SUPPLIED DATA:
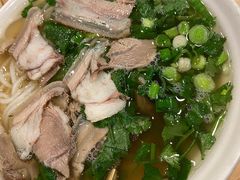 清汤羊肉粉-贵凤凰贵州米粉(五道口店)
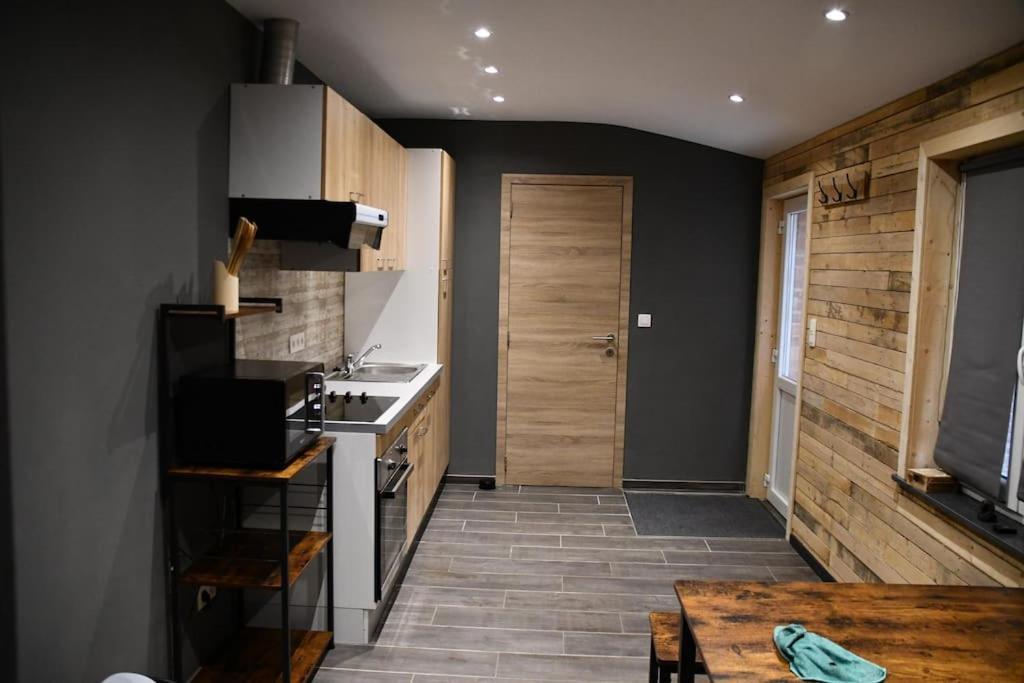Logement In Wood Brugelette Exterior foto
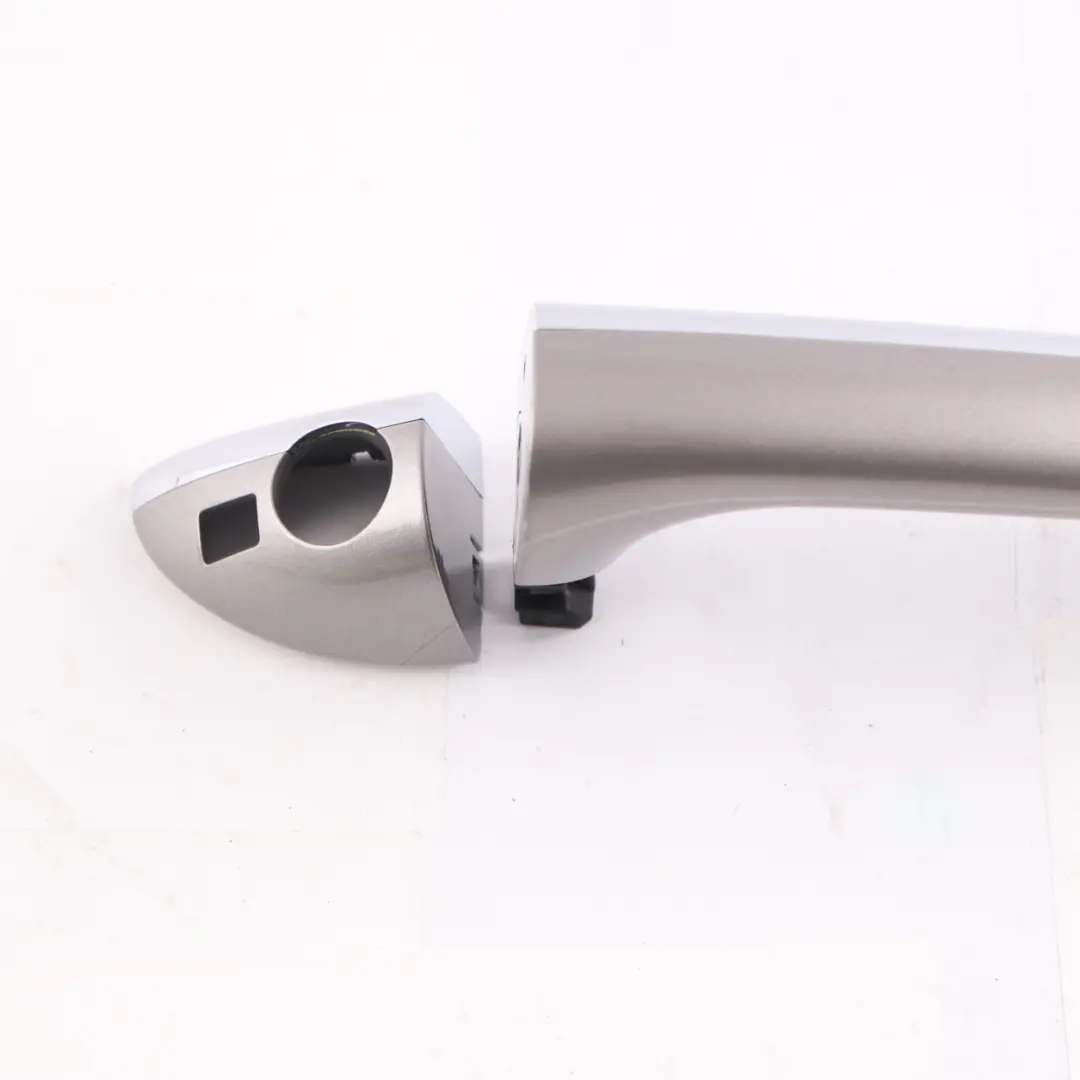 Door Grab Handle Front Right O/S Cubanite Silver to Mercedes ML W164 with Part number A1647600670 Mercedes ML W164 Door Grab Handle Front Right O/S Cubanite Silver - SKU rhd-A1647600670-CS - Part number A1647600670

==

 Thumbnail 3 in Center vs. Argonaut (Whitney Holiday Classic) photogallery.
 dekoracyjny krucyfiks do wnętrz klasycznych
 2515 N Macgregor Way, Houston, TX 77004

==

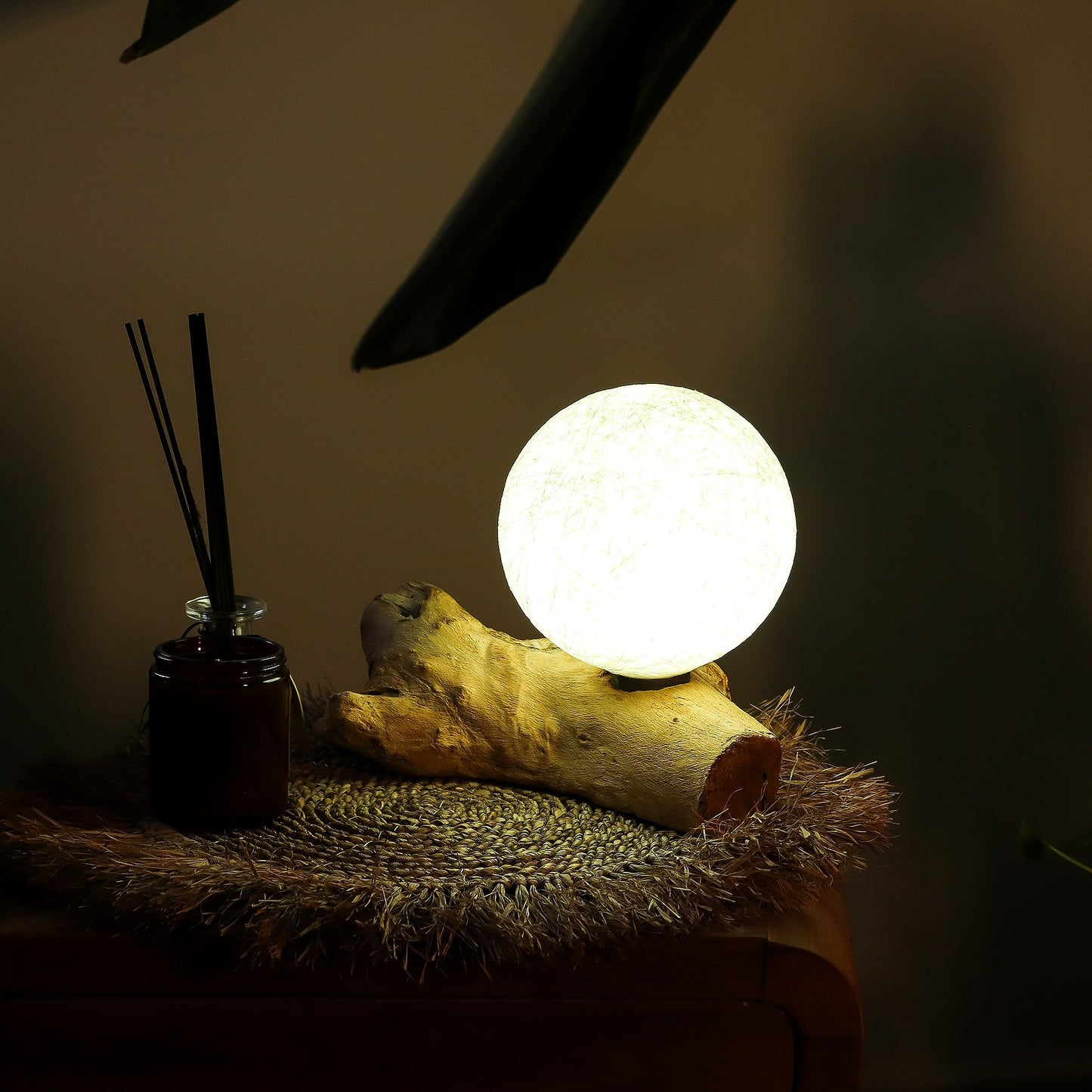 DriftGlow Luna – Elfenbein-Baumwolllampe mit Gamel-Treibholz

ACTIVITY: Starting at the line above that holds "清汤羊肉粉-贵凤凰贵州米粉(五道口店)", repeat every line exactly down to and including the line that holds "Door Grab Handle Front Right O/S Cubanite Silver to", then stop. Do not carry over any pictures.

SOLUTION TO THE EXERCISE:
 清汤羊肉粉-贵凤凰贵州米粉(五道口店)
Logement In Wood Brugelette Exterior foto
 Door Grab Handle Front Right O/S Cubanite Silver to Mercedes ML W164 with Part number A1647600670 Mercedes ML W164 Door Grab Handle Front Right O/S Cubanite Silver - SKU rhd-A1647600670-CS - Part number A1647600670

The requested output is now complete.